Kindle download limits are the publisher’s prerogative?

Dan Cohen posts a well-documented proof that Amazon limits the number of downloads of Kindle titles on some, but not all, books in the Kindle store. He found this after attempting to load a reference book on several devices before the weekend, at which time he was told that the publisher, not Amazon, had set a limit on the number of downloads.

This sounds plausible, because Amazon is particularly sensitive about its relationships with publishers. Yet it is a grave mistake by Amazon, because the one feature of the e-book buying experience they should be enforcing is ongoing availability. Once purchased, a book should be accessible to the buyer for download forever, which is the advertised offer (“Automatic Library Backup: Download Your Books Anytime for Free”), otherwise the e-book becomes less reliable than a paper book and its primary value, its re-usability, is defeated. For example, my family has three Kindles, and if I wanted to share a book with all those Kindles, a book I’ve paid for, but the publisher thinks I should only be able to download the book twice, that’s an inconvenience I would not have with one of the thousands of paper books around the house. Hence, paper becomes the more attractive and flexible option and Amazon has shot itself in the foot by catering to the publisher’s wims on copy limits.

Because Amazon factors in the cost of delivery via its Whispernet service, there should be no limit on downloading imposed by publishers, since those fees are not passed along to them. Amazon, as the distributor and the seller of the Kindle reader, is taking on the cost of providing ongoing access. This form of curation, as I wrote at ZD Net a couple months back, is essential to growth of e-book adoption. Customers do not want to have to repurchase books for different devices, nor to keep up with changes in e-book formats.

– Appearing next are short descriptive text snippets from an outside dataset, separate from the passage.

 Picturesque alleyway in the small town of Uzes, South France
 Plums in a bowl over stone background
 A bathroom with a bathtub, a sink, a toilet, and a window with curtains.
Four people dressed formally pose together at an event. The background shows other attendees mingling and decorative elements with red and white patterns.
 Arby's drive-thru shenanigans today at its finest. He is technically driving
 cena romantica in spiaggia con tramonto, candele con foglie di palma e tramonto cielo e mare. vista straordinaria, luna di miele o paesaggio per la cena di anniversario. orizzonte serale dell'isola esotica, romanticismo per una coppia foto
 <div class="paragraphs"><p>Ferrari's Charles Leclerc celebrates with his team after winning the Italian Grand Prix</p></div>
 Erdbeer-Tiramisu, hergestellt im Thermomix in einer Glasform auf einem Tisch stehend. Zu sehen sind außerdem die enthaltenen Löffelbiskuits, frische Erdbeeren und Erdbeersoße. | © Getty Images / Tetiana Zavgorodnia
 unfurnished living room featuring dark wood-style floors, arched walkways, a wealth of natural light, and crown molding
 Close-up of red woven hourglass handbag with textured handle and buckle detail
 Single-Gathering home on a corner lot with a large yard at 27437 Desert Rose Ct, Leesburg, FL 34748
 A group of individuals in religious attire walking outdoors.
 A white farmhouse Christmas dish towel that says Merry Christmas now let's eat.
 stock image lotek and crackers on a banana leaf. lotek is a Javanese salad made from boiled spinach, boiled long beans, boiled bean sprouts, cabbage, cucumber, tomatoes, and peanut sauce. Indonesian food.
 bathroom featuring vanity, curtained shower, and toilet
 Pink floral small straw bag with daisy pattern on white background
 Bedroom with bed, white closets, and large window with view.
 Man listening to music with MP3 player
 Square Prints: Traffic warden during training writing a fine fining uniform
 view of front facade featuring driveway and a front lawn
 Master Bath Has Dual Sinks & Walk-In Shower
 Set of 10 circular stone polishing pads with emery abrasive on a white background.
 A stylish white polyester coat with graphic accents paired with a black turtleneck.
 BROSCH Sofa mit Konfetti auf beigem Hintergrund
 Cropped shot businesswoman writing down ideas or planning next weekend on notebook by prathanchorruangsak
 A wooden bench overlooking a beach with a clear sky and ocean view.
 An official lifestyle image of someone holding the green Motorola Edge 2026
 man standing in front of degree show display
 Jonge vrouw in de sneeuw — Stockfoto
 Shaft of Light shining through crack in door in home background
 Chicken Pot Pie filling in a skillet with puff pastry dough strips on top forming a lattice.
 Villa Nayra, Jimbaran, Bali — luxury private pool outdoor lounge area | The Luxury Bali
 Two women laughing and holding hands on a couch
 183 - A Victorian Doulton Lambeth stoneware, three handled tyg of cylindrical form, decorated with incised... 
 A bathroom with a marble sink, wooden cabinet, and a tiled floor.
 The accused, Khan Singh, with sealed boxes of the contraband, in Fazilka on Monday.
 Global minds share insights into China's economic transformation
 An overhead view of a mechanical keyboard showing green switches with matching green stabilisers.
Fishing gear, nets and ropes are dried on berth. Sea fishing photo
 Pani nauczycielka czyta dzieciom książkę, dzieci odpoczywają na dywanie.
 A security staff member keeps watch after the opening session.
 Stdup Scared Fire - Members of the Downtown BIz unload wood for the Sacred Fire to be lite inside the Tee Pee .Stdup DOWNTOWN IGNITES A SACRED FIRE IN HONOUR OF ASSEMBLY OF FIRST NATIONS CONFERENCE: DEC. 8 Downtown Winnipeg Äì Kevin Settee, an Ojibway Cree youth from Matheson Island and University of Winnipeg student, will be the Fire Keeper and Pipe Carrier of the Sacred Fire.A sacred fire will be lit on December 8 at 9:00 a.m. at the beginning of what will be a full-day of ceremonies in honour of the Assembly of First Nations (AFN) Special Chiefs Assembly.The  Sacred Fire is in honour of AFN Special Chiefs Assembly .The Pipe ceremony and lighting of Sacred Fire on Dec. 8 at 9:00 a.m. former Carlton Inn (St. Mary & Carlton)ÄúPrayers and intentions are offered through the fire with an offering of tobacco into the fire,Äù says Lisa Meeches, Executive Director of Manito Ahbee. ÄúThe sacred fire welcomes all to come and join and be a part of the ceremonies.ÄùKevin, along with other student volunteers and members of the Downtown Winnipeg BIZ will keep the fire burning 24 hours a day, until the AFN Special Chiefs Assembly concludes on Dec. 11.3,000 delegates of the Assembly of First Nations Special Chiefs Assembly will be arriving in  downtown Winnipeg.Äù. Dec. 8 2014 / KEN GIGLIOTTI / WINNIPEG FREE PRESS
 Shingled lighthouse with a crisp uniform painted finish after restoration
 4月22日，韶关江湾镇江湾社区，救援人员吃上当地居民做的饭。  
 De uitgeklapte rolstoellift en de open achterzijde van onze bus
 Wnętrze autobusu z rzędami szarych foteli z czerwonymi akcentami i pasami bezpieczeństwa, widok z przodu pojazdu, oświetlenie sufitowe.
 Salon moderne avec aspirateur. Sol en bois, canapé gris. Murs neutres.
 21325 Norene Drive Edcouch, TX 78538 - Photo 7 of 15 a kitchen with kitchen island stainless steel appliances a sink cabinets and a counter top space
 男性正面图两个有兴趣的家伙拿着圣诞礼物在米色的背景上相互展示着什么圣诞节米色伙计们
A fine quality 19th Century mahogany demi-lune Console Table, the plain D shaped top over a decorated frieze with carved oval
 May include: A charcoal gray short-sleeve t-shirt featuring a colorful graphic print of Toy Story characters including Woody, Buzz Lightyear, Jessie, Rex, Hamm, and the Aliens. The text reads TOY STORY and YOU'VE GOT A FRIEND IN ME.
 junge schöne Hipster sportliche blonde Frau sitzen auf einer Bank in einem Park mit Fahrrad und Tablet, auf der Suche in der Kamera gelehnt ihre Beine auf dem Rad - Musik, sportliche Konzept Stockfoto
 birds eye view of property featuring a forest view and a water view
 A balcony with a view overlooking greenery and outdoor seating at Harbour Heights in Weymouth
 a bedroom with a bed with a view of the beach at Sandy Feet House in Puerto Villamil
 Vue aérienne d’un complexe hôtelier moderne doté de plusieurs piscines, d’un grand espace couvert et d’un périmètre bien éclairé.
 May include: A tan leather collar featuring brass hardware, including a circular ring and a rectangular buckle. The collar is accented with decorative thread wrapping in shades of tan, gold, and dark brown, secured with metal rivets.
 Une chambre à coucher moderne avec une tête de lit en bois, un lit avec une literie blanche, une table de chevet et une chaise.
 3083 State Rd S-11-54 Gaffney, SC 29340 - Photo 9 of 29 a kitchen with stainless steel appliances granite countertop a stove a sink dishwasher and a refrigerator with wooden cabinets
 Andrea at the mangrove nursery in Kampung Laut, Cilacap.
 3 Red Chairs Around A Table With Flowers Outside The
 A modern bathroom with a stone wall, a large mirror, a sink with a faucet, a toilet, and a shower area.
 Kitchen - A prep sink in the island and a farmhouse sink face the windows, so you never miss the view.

A bookseller needs to provide ongoing access to the book, including upgrades to formats needed to support new devices, just as the music industry has had to do when offering downloadable music—it is common for a music rights holder to pay $1 million or more to convert a library into a new format it wants to sell. Only Apple has managed to get away with fees for upgrading music to its DRM-free iTunes-Plus format, but those fees are the least popular decision Apple has made in recent memory, one it ultimately had to change from a bulk upgrade-only model to one that allows customers to choose individual tracks and albums to upgrade.

As Dan Cohen writes, the problem becomes one of a seller obviously misleading the buyer if the terms, including the number of downloads one is purchasing, is not explicitly described with the pricing. It cannot be buried in fine print, because it makes every purchase potentially unreliable, eroding customers’ confidence in the books and the company from which they are buying.

I’ve queried Amazon PR about this but received no response. Will post an update when I hear from them or one of my Amazon contacts.